My first review after years on Allrecipes - they were that good! I was concerned because my dough wasn't particularly sticky - moderately stiff and elastic - but, although it was difficult to roll out they turned out just fine. I did use about half of the salt in the dough since I felt the additional salt on top would make them salty enough. I poked holes in half the recipe, but didn't dock the other half and could see no difference. I baked them for about 15 minutes, removing the ones that were done earlier and putting the others back until all were a nice golden brown. They were excellent accompanying the Sun-Dried Tomato Tapenade from Alexis May Tanner (itself an awesome recipe that I might now have to review!)
These are very tasty, although I liked them better without the added sea salt on top. Because handling the crackers was so difficult after they were rolled out, resulting in sadly mishapen crackers, I started rolling them out, cutting and pricking them right on the parchment I then put onto the cookie sheet. They came out great.
Great recipe!
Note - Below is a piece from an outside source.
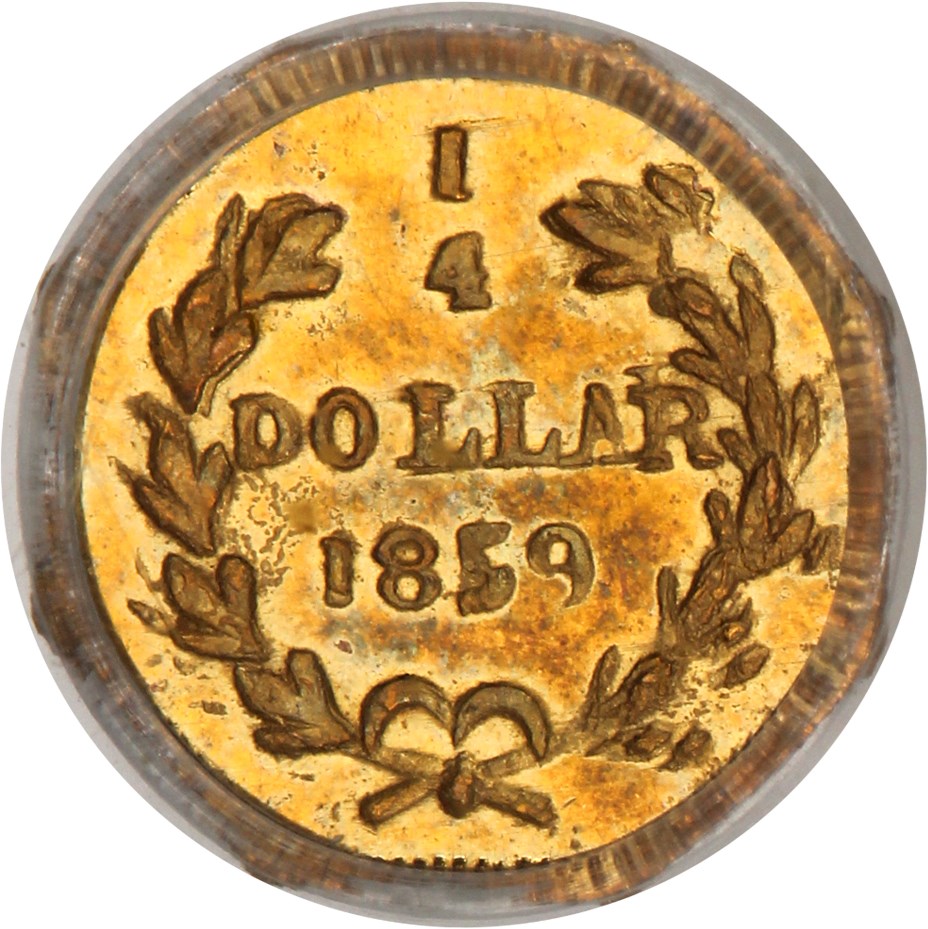 image for: 1859 Cal. Gold 25c PCGS MS62 (BG-702, OGH)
So easy, quick, minimal ingredients, and I agree the cost of those small bags of artisan crackers now seems outrageous! I followed the basic recipe, including parmesan, but did not have rosemary or any other fresh herbs so I used dried dill. Tasted great! Also, first batch wasn't quite thin enough - they're still tasty and somewhat crunchy, but I wanted more snap - so I made sure to roll second batch thinner. This will be my go to recipe, trying new flavors always, and will probably never get store bought again. PS Loved the video! :-)
Certainly the key here is roll them out thinly but you've got to be careful about over-baking. The taste isn't pleasant. In the video, Chef John returns half the tray to the oven to get the remaining pieces equally brown. I did that with a few but in the end, I prefer the look of the variation in colour . They look very presentable in the serving bowl and all the crackers are quite crispy. I had only half the amount of fresh Rosemary and though I'm not so keen on a strong Rosemary taste, these do need the full amount. Also, I think next time I might pulse the salt a bit to make the bits smaller - to make for a lighter and more even distribution of the salt. Lastly, these can be placed very close to each other on the baking tray - they don't expand.
This recipe is so simple and quick to make!
I didn't have fresh rosemary or parmigiano reggiano, so I substituted finely grated marbled cheddar cheese and dried rosemary ground in a mortar and pestle. I also added in some dried dill weed, a little onion powder, garlic powder, and some black pepper. The crackers were a hit with my family! I definitely will be making these again.
Wonderful! We made these, just half a recipe because we are having to use gluten free flour and don’t want to waste it. We were thrilled with the results! I used seasoned olive oil that had Italian herbs, then per recipe, and we love them! Definitely planning to make more. Soon.
J&J
These are so yummy. The second time I doubled the batch and grabbed Adagio cheese by accident. It was a great mistake. I am not sure which is better. Pricking with a fork did not seem necessary and I did cut back on the salt.
Made these for company the other night without the rosemary because I didn't have any. Didn't make a difference in the end product. They were really easy and delicious - love Chef John - never lets me down!